Solange jedoch das Potential der Geschäftsidee groß genug ist, hat man hier oft die Möglichkeit oder Partner, Investoren oder Kooperationen an entsprechende Ressourcen zu gelangen.
direkte Monetarierungsmöglichkeit
Je nach persönlicher Präferenz ist auch zu berücksichtigen, wann man sein Angebot monetarisieren kann und wie hoch die Zahlungsbereitschaft überhaupt ist.
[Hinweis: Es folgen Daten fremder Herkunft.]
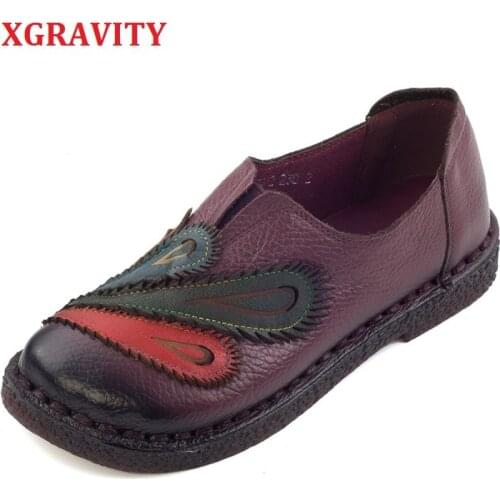 XGRAVITY Dropshipping 3 Colors Lady Genuine Leather Ethnic Hand Made Woman Shoes Elegant Soft Spring Vintage Women Shoes A024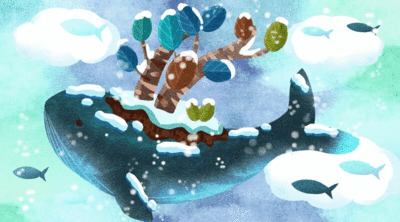 四季之冬天蓝色天空中飞过的鲸鱼插画GIF动图元素下载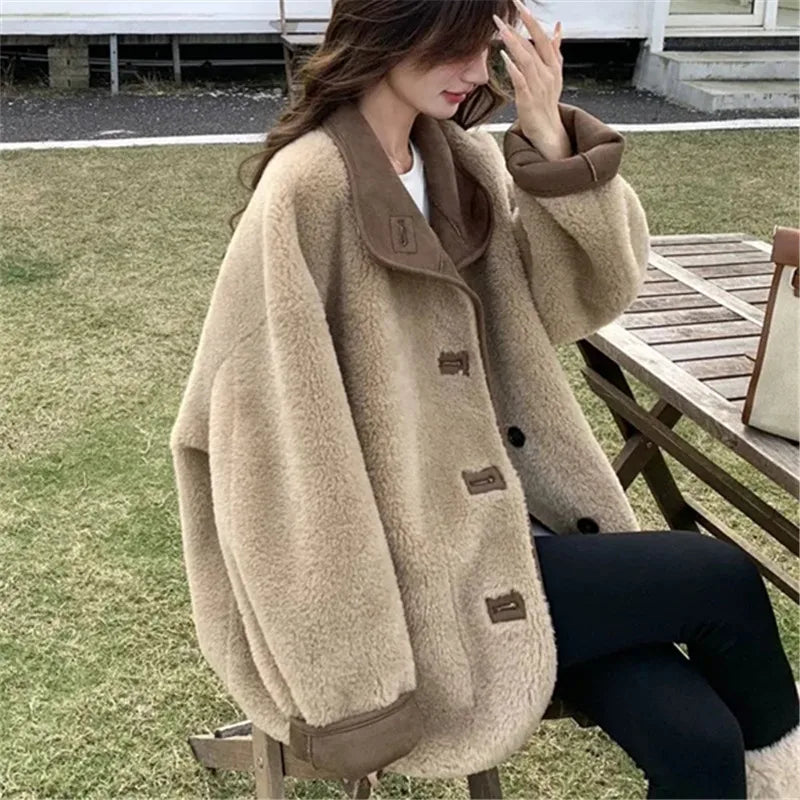 Retro Lamb Wool Coat for Women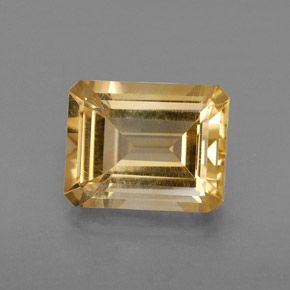 2.05캐럿 천연 골든 옐로우 시트린, 에메랄드 컷, 9×7.1 mm, VS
Hier gibt es verschiedene Modelle
- Dienstleistung anbieten
Hier kann ohne große Vorleistung eine Leistung vermarktet werden. Die Bezahlung direkt und unmittelbar. - Produkte verkaufen
Hier muss man meist etwas in Vorleistung gehen und (digitale oder physische) Produkte zu erstellen. Der Verkauf erfolg dann aber trotzdem direkt. - Reichweite vermarkten
Hier werden Angebote kostenfrei zugänglich gemacht (meist Informationen oder Tools). Die Refinanzierung erfolgt hier indirekt über Werbung oder Partnerprogramme. Durch diese Entkopplung ist Monetarisierung gerade zu Beginn schwer planbar.
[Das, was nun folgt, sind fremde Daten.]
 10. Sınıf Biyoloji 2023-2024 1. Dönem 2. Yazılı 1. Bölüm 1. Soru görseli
Je direkter die Vergütung erfolgt, um weniger Risiko geht man bei einer Unternehmung ein. Wenn man ein Angebot ohne Monetarisierung betreibt, kann man nur auf einen langfristigen Markenaufbau hoffen. Dies ist aber in meinen Augen nicht als Geschäftsmodell bezeichnet werden.
persönliches Interesse
Viele Leute sagen, dass man unbedingt ein “passion project” verfolgen sollte, sehe ich das etwas entspannter. Es gibt viele erfolgsversprechende Geschäftsideen in den verschiedensten themenbereichen. Je langweiliger oder unbeliebter ein Thema ist, um so geringer ist jedoch oft die Konkurrenz und um so erfolgversprechender ist somit die Idee. Sicher es es hilfreich, wenn man sich gerne mit einem Thema beschäftigt. Aber auch in andere Themen kann man sich oft schnell einarbeiten und Lösungen anbieten. Man sollte nur prüfen, dass das Thema nicht komplett gegen die eigenen Interessen geht. Denn man man sich überhaupt nicht dafür motivieren kann, wird man es auch erfolgreich vermarkten können.
fair & nachhaltig
Hier muss jeder selber entscheiden, wie die eigenen ethischen und moralischen Standard sind. Für mich persönlich gehören zu einem guten Geschäftsmodell auch folgende Grundsätze:
- ökonomisch nachhaltig
Ich interessiere mich weniger für kurzfristige Abitragemöglichkeiten oder temporären Systemlücken. Sicher kann man hier auch gutes Geld verdienen, aber ich bin ein Freund von Systemen die Mehrwert generieren und kumulieren. - win-win-win
Die Basis einer nachhaltigen Unternehmung besteht darin, als alle Beteiligten einen Vorteil aus dem Geschäft ziehen. Dazu gehören neben mir und dem Kunden auch Zulieferer, Mitarbeiter oder Partner. Sobald es eine Partei im Nachteil ist, kann das Geschäftsmodell nicht dauerhaft bestehen. - ökologisch nachhaltig
Letztlich sollten wir auch darauf achten, dass wir mit der Umwelt und ihren Ressourcen sinnvoll umgehen. Gerade bei der Herstellung von physischen Produkten finde ich es äußerst verwerflich, wenn man massiv in den Umweltkreislauf eingreift und dauerhaft zerstört.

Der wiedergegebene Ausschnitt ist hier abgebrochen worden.